◆ Recorded information ◆
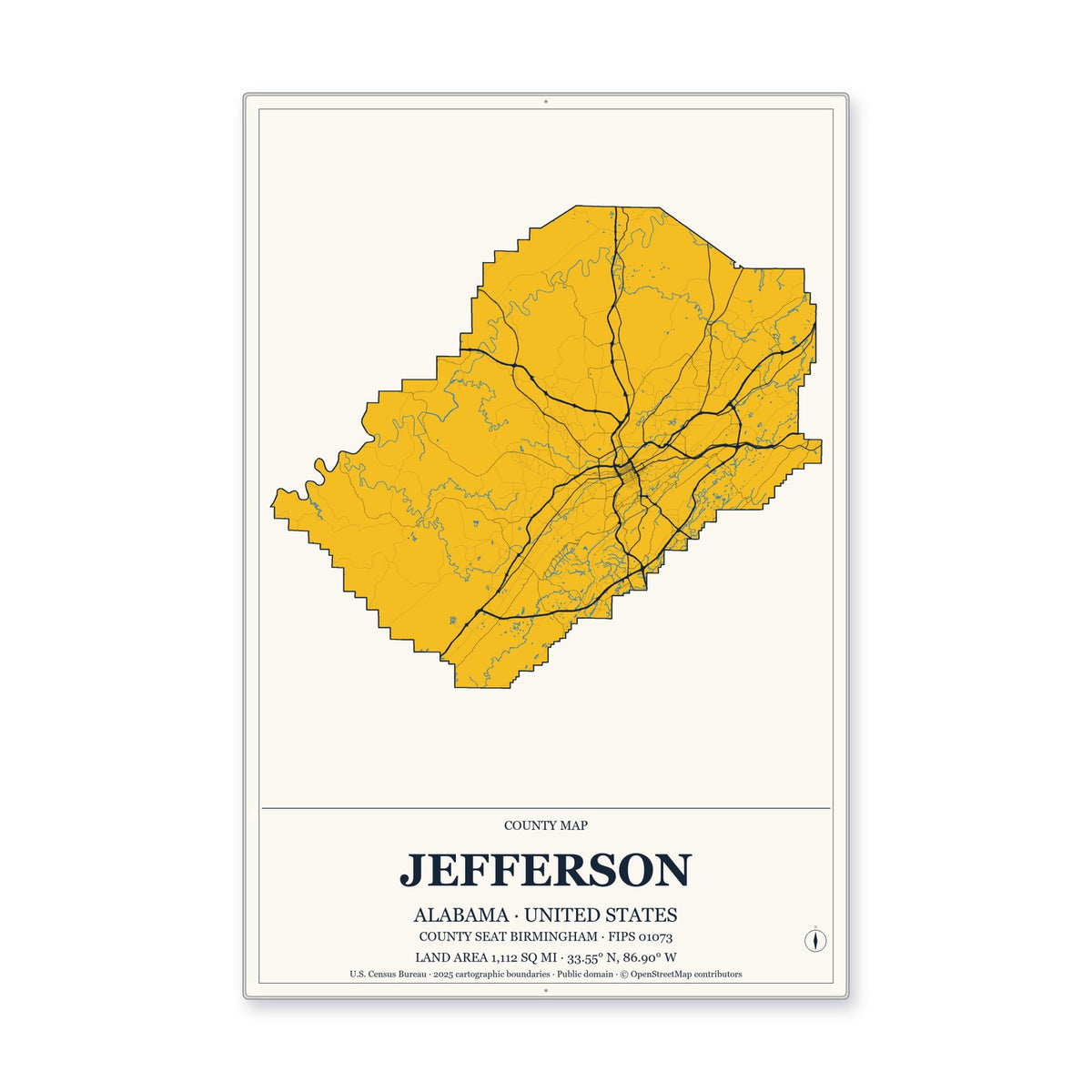 Jefferson County, Alabama Map Aluminum Sign in Citrine Modern style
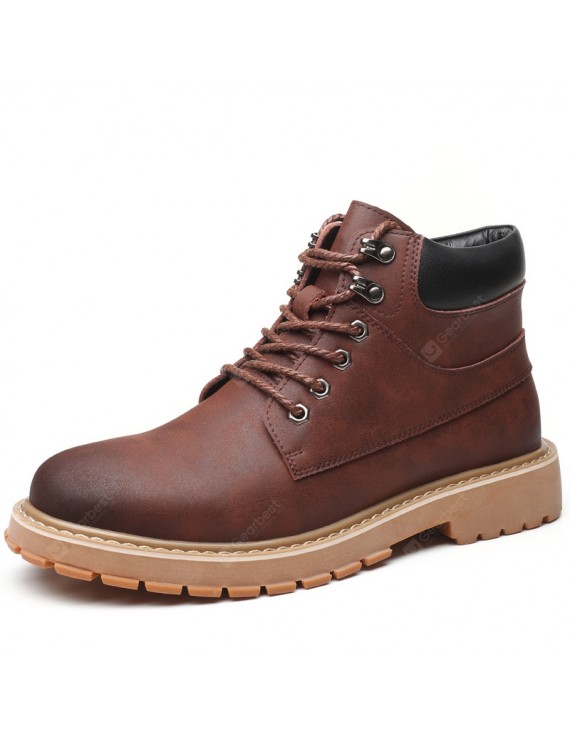 Boots - Autumn Men's Short Boots Leather Middle Cut Korean Style Trend British Breathable Men's Tooling Shoes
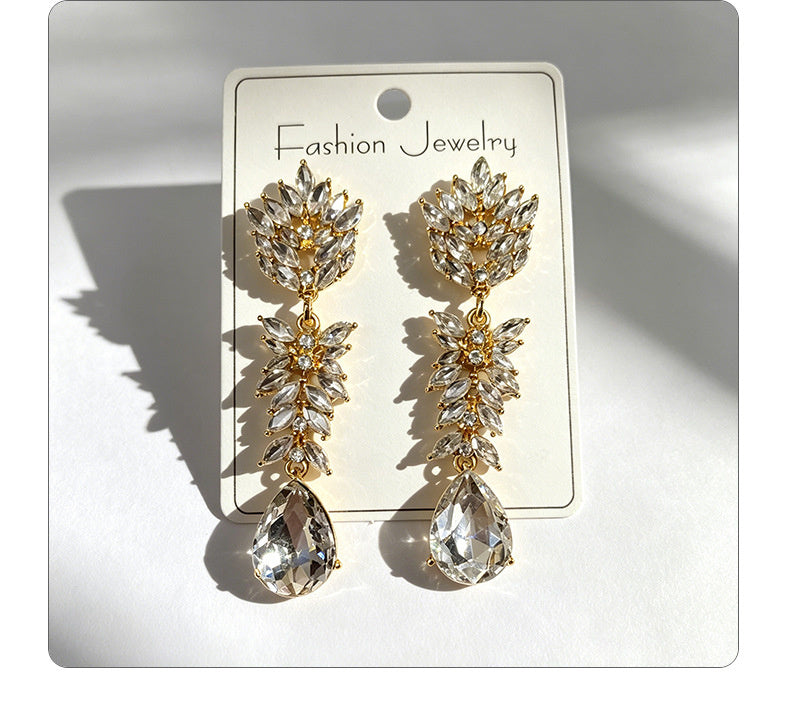 Colorful Crystal Leaf Long Earrings, Luxurious Palace-Style Exquisite Atmosphere Fashion Earrings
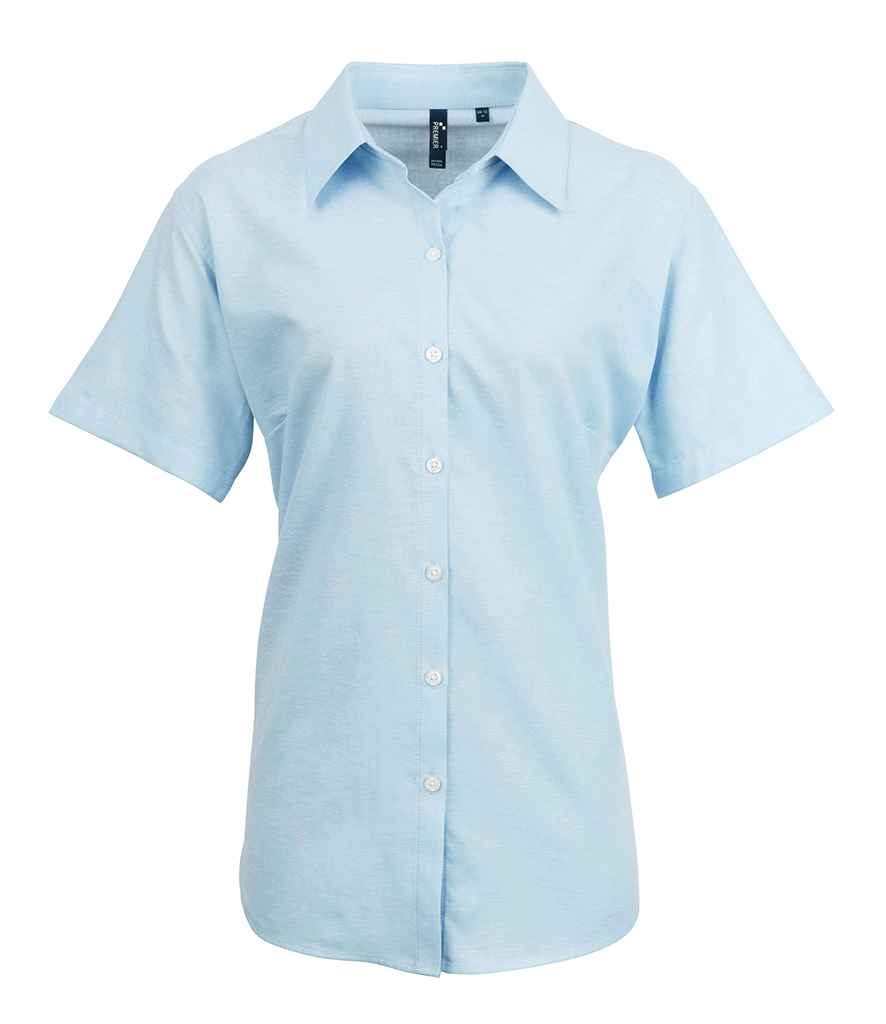 Premier Ladies Signature Short Sleeve Oxford Shirt - Light Blue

◆ Requirement ◆
Give an exact copy of the data, and omit any pictures it holds.

◆ Solution ◆
 Jefferson County, Alabama Map Aluminum Sign in Citrine Modern style
 Boots - Autumn Men's Short Boots Leather Middle Cut Korean Style Trend British Breathable Men's Tooling Shoes
 Colorful Crystal Leaf Long Earrings, Luxurious Palace-Style Exquisite Atmosphere Fashion Earrings
 Premier Ladies Signature Short Sleeve Oxford Shirt - Light Blue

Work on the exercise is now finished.